Махнув рукой возвращающемуся охраннику, мол, бывай здоров, Александр Кириллович пересек заставленный машинами двор, обогнул длинный склад и подошел к высокому дощатому забору. Забор этот, построенный, наверное, еще при жизни Иосифа Виссарионовича, казался непреодолимым препятствием – трехметровые некрашеные доски, ржавая колючка поверху. Александр Кириллович усмехнулся, отодвинул висевшую на одном гвозде доску и шагнул в открывшуюся дыру…

За забором начиналось старинное Рогожское кладбище – тенистые аллеи, кресты и пирамидки среди рябинок и зарослей шиповника. Кладбище в старину считалось старообрядческим, тогда же построили здесь на деньги бородатых купцов, осенявших себя двумя перстами, большой Покровский собор, чьи золотые купола проглядывали через переплетение ветвей.

Александр Кириллович никогда не смог бы внятно объяснить, почему ему так нравится ходить через погост. Охватывала его здесь какая-то приятная благодать. Да, именно благодать, вот, пожалуй, наиболее подходящее слово. Ведь не зря пел Высоцкий:

 
А на кладбище все спокойненько,
Никого и нигде не видать.
Все культурненько и пристойненько,
Исключительная благодать…
 

Особенно полюбил Трофимов кладбище в последние годы.
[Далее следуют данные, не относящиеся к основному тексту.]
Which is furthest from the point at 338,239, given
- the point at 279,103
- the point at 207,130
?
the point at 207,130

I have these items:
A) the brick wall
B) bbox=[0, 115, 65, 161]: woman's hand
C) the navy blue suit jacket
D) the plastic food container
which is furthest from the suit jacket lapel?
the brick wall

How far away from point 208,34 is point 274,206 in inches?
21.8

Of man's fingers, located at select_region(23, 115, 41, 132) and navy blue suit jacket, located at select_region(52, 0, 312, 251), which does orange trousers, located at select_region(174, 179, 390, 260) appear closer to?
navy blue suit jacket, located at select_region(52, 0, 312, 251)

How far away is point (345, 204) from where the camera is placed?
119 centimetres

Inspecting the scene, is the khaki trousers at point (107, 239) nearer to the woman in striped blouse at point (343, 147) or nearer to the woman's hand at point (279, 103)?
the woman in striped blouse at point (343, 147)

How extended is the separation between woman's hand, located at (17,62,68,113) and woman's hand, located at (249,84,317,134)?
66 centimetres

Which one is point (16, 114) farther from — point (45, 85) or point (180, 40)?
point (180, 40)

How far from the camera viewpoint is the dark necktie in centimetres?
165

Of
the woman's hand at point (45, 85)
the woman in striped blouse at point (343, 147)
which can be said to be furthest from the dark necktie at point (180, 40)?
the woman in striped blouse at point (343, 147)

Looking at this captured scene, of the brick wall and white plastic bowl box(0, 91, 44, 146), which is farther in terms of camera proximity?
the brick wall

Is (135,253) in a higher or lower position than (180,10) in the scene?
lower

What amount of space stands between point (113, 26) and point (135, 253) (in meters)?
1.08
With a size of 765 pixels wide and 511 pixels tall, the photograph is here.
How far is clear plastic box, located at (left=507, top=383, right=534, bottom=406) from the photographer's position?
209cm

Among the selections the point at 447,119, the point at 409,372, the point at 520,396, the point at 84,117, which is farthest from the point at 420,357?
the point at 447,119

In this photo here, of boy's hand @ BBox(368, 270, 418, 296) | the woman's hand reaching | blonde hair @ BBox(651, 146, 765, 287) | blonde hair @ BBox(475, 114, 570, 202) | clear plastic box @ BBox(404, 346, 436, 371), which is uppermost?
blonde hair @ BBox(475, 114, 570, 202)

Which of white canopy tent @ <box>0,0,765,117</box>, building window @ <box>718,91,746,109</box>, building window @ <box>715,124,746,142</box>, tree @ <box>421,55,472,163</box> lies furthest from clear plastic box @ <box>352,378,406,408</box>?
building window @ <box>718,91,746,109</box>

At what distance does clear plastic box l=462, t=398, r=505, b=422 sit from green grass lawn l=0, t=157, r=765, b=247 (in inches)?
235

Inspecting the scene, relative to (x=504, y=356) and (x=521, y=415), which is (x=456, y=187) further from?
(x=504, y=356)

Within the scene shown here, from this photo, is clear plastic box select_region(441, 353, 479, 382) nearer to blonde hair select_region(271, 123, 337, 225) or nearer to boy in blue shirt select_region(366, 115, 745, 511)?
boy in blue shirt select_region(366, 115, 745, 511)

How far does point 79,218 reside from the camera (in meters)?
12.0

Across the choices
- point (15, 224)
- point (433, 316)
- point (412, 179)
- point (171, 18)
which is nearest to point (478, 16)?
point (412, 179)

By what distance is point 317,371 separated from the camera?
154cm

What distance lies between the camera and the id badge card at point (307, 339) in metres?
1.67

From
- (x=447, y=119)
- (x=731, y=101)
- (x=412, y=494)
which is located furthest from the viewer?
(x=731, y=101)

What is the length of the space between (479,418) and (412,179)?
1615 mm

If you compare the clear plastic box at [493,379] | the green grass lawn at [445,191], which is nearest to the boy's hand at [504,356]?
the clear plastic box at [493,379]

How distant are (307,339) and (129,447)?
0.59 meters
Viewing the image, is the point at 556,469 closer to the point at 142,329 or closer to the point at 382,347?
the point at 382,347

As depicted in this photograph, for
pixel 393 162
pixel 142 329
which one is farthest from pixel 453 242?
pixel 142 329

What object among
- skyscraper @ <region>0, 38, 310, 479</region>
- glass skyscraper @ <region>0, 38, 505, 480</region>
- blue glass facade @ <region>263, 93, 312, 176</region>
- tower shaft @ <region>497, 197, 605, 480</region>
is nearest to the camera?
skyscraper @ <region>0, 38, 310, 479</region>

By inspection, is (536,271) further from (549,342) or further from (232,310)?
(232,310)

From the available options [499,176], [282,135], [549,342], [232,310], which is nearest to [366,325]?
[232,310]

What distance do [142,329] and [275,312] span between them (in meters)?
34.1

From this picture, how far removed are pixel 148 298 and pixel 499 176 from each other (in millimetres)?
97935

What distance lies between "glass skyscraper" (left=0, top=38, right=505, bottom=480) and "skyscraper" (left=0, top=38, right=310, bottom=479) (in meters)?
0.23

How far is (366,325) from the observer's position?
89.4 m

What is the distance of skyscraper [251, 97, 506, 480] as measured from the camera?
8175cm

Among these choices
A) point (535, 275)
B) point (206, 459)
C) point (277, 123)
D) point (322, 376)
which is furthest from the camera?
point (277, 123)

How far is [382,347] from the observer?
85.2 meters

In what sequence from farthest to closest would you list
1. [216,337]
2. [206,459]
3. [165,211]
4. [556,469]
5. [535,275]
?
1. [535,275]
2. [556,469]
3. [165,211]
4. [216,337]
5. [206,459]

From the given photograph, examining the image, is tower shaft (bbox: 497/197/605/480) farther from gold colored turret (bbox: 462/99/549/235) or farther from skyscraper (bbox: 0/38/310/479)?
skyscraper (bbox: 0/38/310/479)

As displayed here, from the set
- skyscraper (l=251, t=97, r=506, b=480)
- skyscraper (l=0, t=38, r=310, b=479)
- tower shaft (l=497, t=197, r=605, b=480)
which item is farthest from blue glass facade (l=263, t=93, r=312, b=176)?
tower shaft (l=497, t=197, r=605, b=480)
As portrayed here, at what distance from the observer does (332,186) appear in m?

Москва-столица, город родной, враз сменила и лицо, и одежку, оборотившись вдруг жутковатым монстром, и жить в ней стало для Александра Кирилловича тягостно. Шум, гам, грохот, суета… Как известно, что русскому хорошо, то немцу – смерть. Выходило, что поговорка имела и обратный смысл. Построили наши демократы «типа западный капитализм» в одном отдельно взятом городе – и главный менеджер Трофимов бежал из этого города отдыхать душой на кладбище…

Знакомой до последнего изгиба тропинкой шел Александр Кириллович между старых, заросших могилок. На кладбище было малолюдно и тихо. Щебетали в кронах деревьев птицы, прогрохотал где-то далеко поезд.

У старинного каменного креста с давно стершейся надписью тропинка поворачивала направо, к главной аллее, но Трофимов пошел прямо, туда, где между стволов старых лип угадывался просвет.

Прогалина вывела его на мощенную шестигранной плиткой дорожку, по обе стороны которой высились черные полированные обелиски, блиставшие золотом надписей.

Тут чуть ли не в полном составе упокоилась лет десять назад «Сорочка», или, говоря языком милицейского протокола, «организованная преступная группировка Михаила Сороки».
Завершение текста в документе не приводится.